And once enterprise-scale systems are fit for purpose, there is the constant challenge of not just managing and exploiting the data within the system, but also of using analytical insights to spark innovation.

This can be successful, but beyond that needs to recognise the possibilities of:

  • Regulators inhibiting data-driven innovation
  • Activists pivoting to cyber space
  • Attackers poisoning the data well

And then, having addressed those challenges, another area for improvement is the deployment of existing skills and the growth of new ones in the workforce.

For example, an organisation may have “cyber-skilled colleagues”, but are they being deployed to best effect?
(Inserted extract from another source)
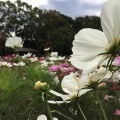 先月のコスモスとバラと事件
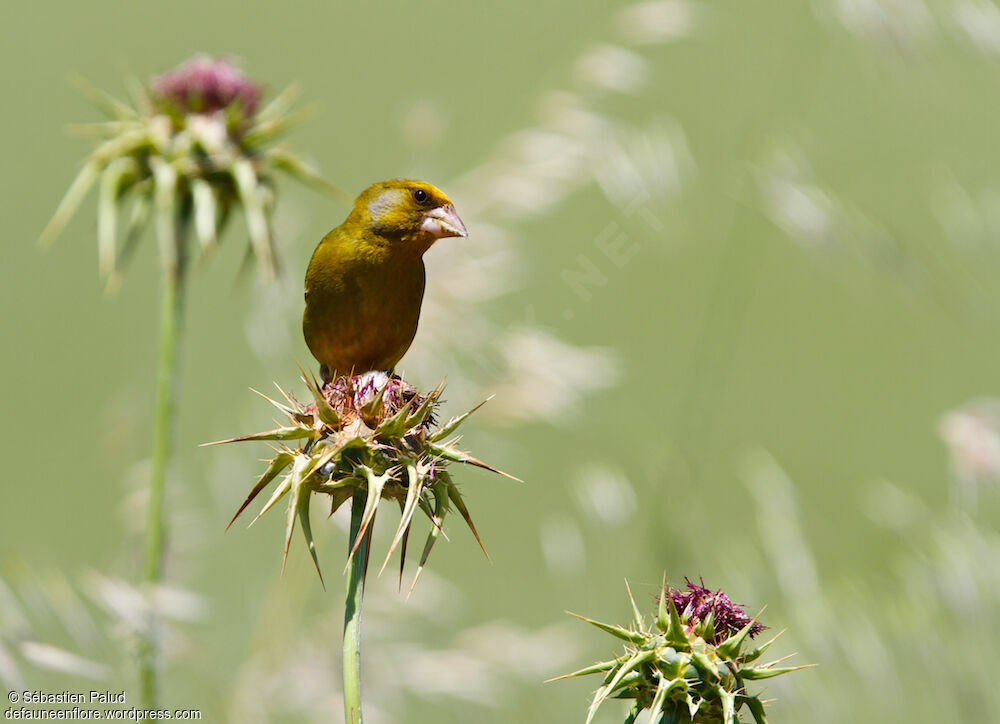 European Greenfinch male adult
Are cyber-skilled staff spending time on corporate admin that a competent business support officer can handle, in order to release time for cyber-centric management and problem-solving? Are organisation staff with high-end cyber skills tackling cyber security tasks that an entry-level lay-colleague with some upgraded skills could tackle instead?

And when the organisation has optimised delivery from the range of skills and capacity it has in-house – what access has it agreed to its partner supply chain for “surge capacity”? Does it come from call-offs from resource augmentation agreements? Or from drawing on pools of talent in cyber academies training apprentices or re-purposing those with transferable skills?

And probably more of a challenge: what arrangements exist between suppliers within that supply chain for managing the peak capacity for in-demand skills? Without illegitimately operating cartels and fixing the market – how does a supply chain community collaborate so that scarce cyber-skilled resource is not sat idle?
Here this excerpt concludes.